Part 1: Latent Class Analysis and Latent Transition Analysis

Day 3: Longitudinal mixture modeling

In this exercise we will explore the development of dating status over time using a latent transition analysis (LTA). However, we will slowly build up the model, starting with a latent class analysis (LCA) first at a single time points, before going to LTA. Use the data in DatingSex.dat, which holds data on five dating indicators measured at two occasions (u11, …, u15, u21, …, u25), as well as the variable gender. The \(u\)-variables represent five yes/no items measured at two time points (first digit represents time point, second digit represents the item).

The exercises in this lab session are designed, in the first place, for use of Mplus exclusively. However, for those interested, we have the option to run the latent growth mixture models in batch, using the R-package MplusAutomation. This package allows you to automate part of your workflow (like making plots and tables), and provides functions for plots that are more aesthetically pleasing, as well as more insightful.

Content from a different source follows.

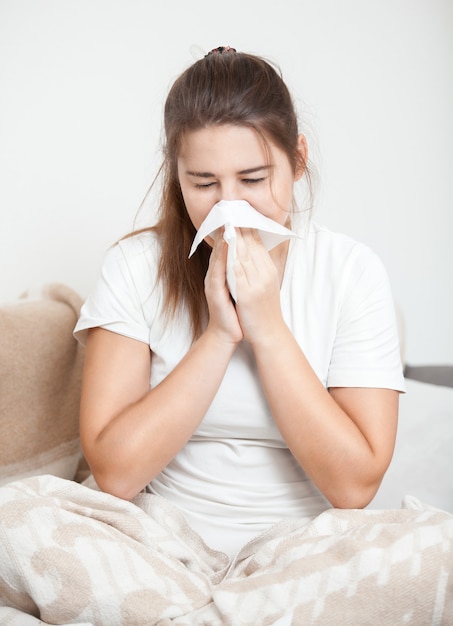 Young brunette woman sitting on bed and sneezing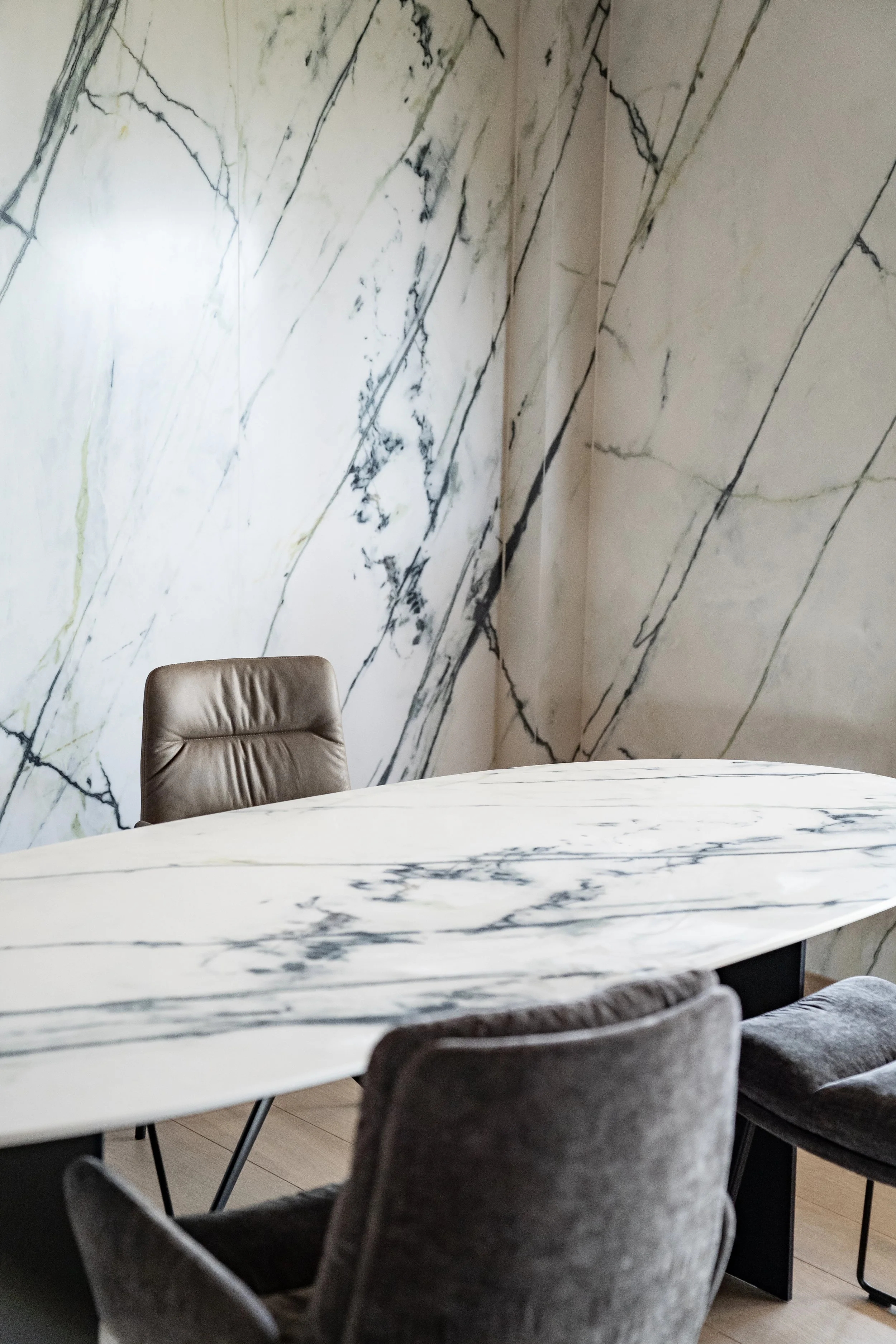 Ein eleganter Konferenztisch aus weißem Marmor in einem modernen Meetingraum, umgeben von gepolsterten Stühlen.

The exercises using MplusAutomation can be found with the course materials on SURFdrive.

Exercise 1: Latent Class Analysis

Before we can perform an LTA, we first need to determine the number of classes at each time point using separate LCAs.

Exercise 1A: Number of classes

Decide how many latent classes you think should be used. To determine this, first set up an LCA for the first time point (i.e., ignoring the variables at time point 2, as well as gender). Run an LCA for 2, 3, 4, and 5 classes, and collect information on the AIC, BIC, the LMR LRT (TECH11), the bootstrapped LRT (TECH14), and the size of the smallest class. Fill in the table below, and then decide how many classes you want to use for the next set of analyses. To help in your decision, you can also create the LCA item profiles using the SERIES function of the OUTPUT: command.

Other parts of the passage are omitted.